::: Given records

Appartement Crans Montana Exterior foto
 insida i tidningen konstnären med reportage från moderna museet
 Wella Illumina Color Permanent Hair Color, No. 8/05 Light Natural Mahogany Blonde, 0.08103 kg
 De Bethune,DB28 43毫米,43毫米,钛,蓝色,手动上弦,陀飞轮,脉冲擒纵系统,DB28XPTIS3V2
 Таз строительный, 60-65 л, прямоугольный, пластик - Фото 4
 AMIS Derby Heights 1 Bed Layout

::::::

Every line in the listing above should be repeated exactly.

Completed task:
Appartement Crans Montana Exterior foto
 insida i tidningen konstnären med reportage från moderna museet
 Wella Illumina Color Permanent Hair Color, No. 8/05 Light Natural Mahogany Blonde, 0.08103 kg
 De Bethune,DB28 43毫米,43毫米,钛,蓝色,手动上弦,陀飞轮,脉冲擒纵系统,DB28XPTIS3V2
 Таз строительный, 60-65 л, прямоугольный, пластик - Фото 4
 AMIS Derby Heights 1 Bed Layout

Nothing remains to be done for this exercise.